I’ve been writing a lot about agentic recently because its potential underpins a lot of the economic shifts we’re seeing in industries from marketing to tech, as well as predictions about the future labour market. But if you look for live examples of agentic, they’re mostly theoretical: AI ‘personal shoppers’ that know what we’re looking for and buy it on our behalf, or an AI ‘digital twin’ that goes to meetings with us, takes notes and assigns actions.

That sounds plausible, but it’s not happening right now. As the Financial Times found when it compared the performance of mainstream AI agents on a variety of office tasks, they offer a useful facsimile of a human worker but there are too many errors and inefficiencies to be useful or reliable.

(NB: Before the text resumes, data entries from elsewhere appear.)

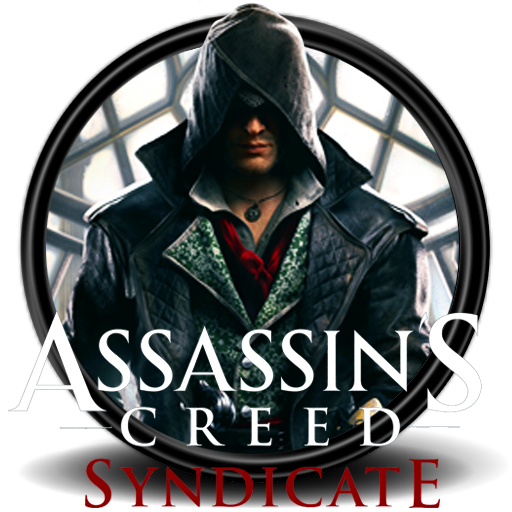 Assassin Creed Syndicate Transparent Image PNG Image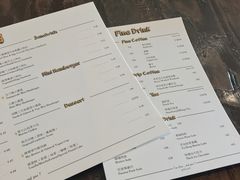 账单-AFS Cafe & Canteen(闽江二路店)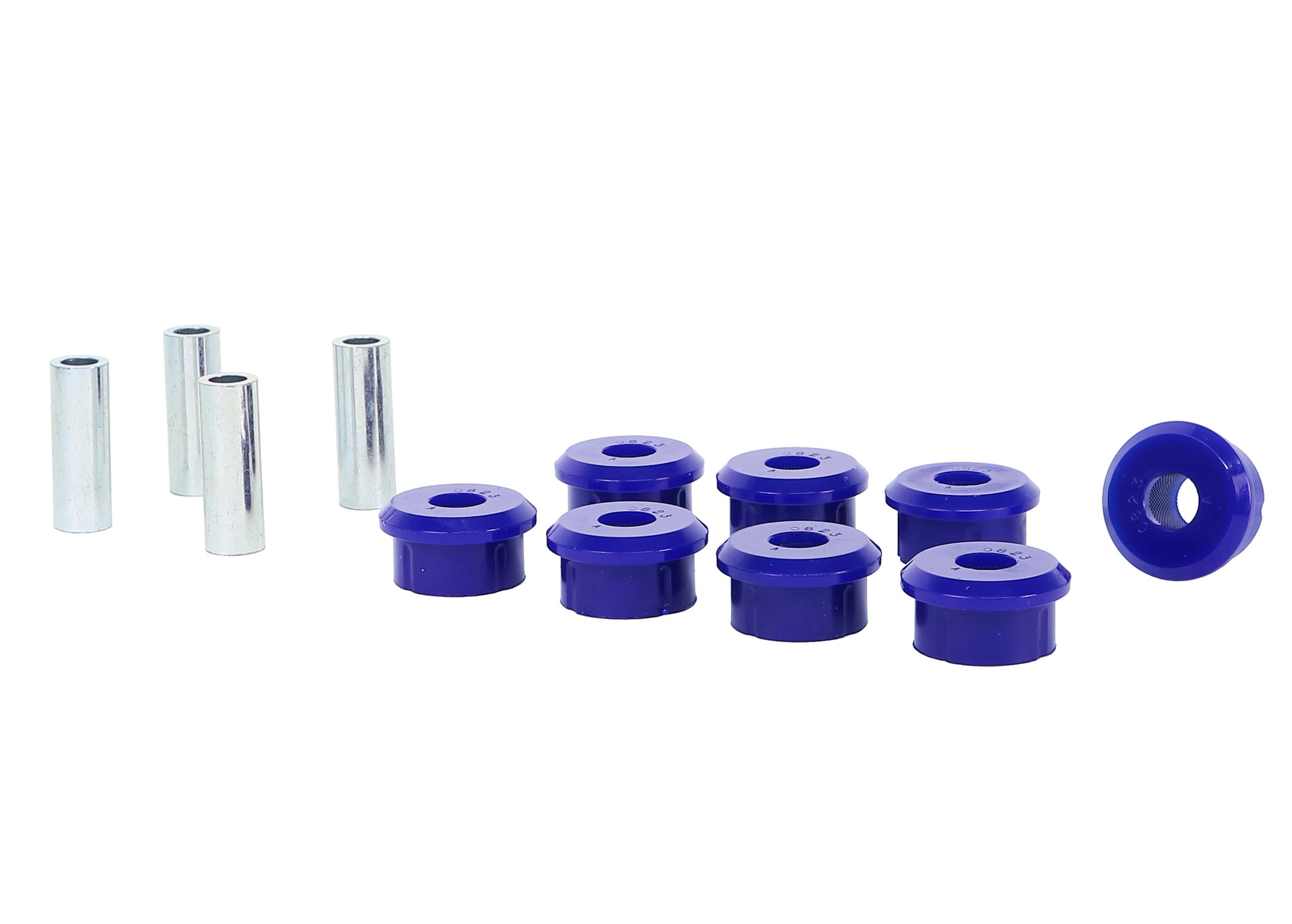 SuperPro GMH/TOYOTA-TR/ARM BUSH - SPF0823K
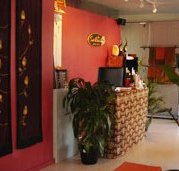 Sabai Day Spa - E Caravan Parks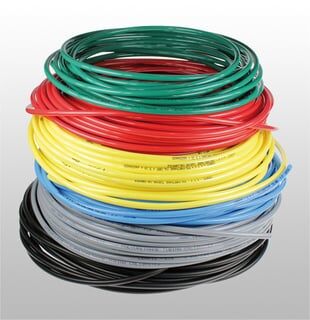 Standart Hortumlar (Parker)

I spoke to Rob McCargow, PwC’s HR technology guru, as part of a recent Raconteur article on agentic. “When we’re doing big surveys, on the face of it some of the levels of adoption of AI look quite high until you tease out the detail of who’s actually moved beyond the basics into true AI,” he told me. “Agentic is another level deeper from that. Every conference you go to talks about it, but on the ground it’s still very early days.”

Agentic does offer some tantalising possibilities. You can imagine, for example, an AI agent issuing an invoice to another business’s agent, then reconciling it automatically. You could also feasibly tell an agent where you wanted to go on holiday and let it find a suitable flight and hotel room, cutting online booking sites out of the loop. But in neither scenario would it be an end-to-end automated process: you’d need a human check before money left your business’s account, just like you’d want to see the itinerary and the costs of your trip in detail. Talk of leaving everything to the agents is a flight of fancy.

It isn’t fantastical, however, to suggest that one day, as Accenture claims, more AI agents than humans will be using ERP software. Or that agents will account for the majority of traffic to e-commerce sites. But even Neil Patel, a notable digital marketing optimist, told me in a Campaign Asia interview that he doesn’t see that happening in the next five years. There’s a lot of words to be written, and doubts to be aired, about agentic before we reach that point.